I have said it and they seem not to want to believe me or refuse to hear me. I said it though, loud and clear.
“I want to die because I’m not living.”
I only live for others around me. I only live for the ones who claim they love me. I live because I refuse to give them motherfuckers another reason to talk bad about me. I can just imagine the things they would say.
You can’t keep telling someone who wants to die to get a job. I clearly proved I’m not cut out for that. I tried little over ten times and I somewhat succeeded but then I failed over and over again.
I said, I know I said it, loud and clear.
“I want to die. I don’t want to be here.”
Maybe they don’t believe me because I follow up with, “I don’t have it in my heart to do it, I just have thoughts about it sometimes.”
How about supporting me in something I enjoy doing and that I’m good at, help me make a living with that. Nope, that would be to easy. You would actually have to care about me to want to do that.
Do I just give in and be like everyone else, even though I tried already but give it another go and maybe at age 32 I will finally stay at a job for a year and have people still talk shit about me because they expected so much more from me than working as a cashier at some stupid store. That I’m too smart and I should be doing so much better.
Oh another thing that people keep talking about is me having a baby. [Now why would God allow that when he knows I haven’t even figured out how to support myself yet.] They say things like… “When are you having some babies?” I think to myself like “Oh you know what I think I will make one tonight.” Is there some magic pill I don’t know about that I can magically get pregnant. People rarely ask if I even want kids. I have been married for eight years, these people don’t think we haven’t been trying.

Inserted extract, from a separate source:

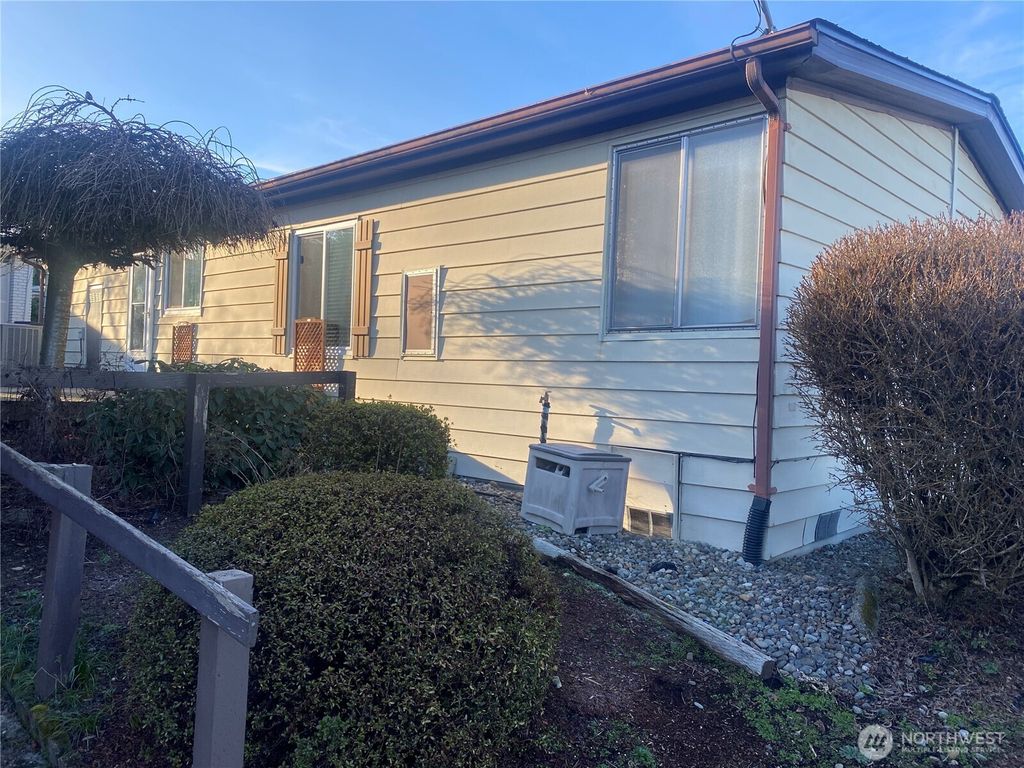 Photo of 2500 Alder Street #304, Milton, WA 98354 (MLS # 2472038)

They don’t know if I have complications or whatever.
I know most people are tired of their jobs or tired of doing the same old stuff etc… That is so much different than I’m tired of breathing, of feeling, of thinking.

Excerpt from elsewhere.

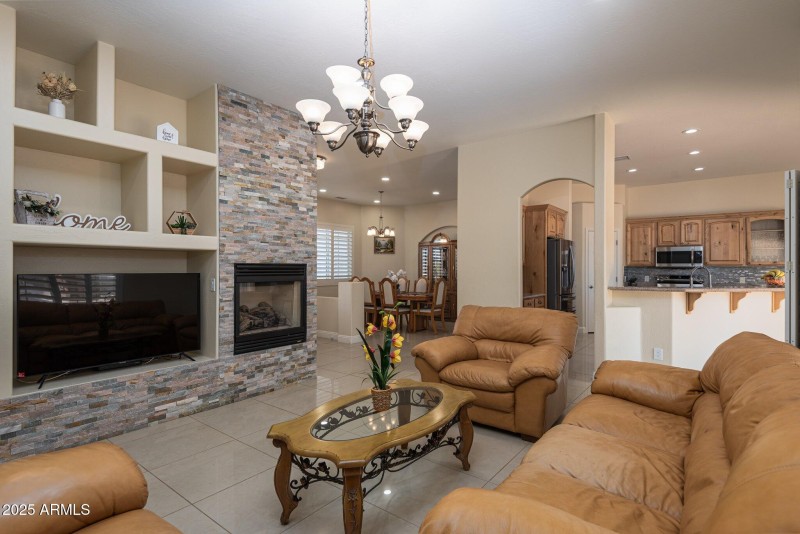 Living Room with fireplace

The difference between me and others are I’m the one who makes the ones I love feel better. Try to make them smile and even cater to them. Some may think that’s at least I can do for them providing for me, putting a roof over my head etc… I look at it as I’m good at this and they’re good at what they do. I try again to be who they are, then who will comfort me at the end of the day? Who will comfort them? Like cooking, cleaning etc… oh yeah it would still have to be me.

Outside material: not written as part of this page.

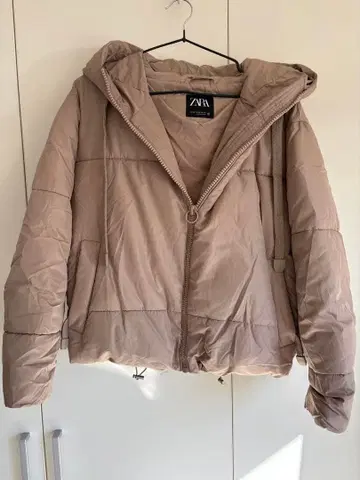 ZARA 후드 부착 베이지 다운 자켓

Then this everyone wanting to be independent thing. Not having to depend on anyone. That makes me feel like, then why do I need you around me if I’m doing it all by myself. I have to love myself, I have to support myself, I have to encourage myself, I have to motivate myself… The fuck is anyone good for these days? Everyone claiming to be different but all trying to do the same things. Makes me want to die even more.
I will never change and be like anyone else. Yet I will probably never kill myself even though I don’t want to wake up, but I’m more woke than most. I want my time to hurry up and come. I used to think that I may miss something if I was gone but I’m starting to think there won’t be and no one will truly miss me. They will only miss what I do for them, not actually miss me as a person. The things I do, they can pay someone to do.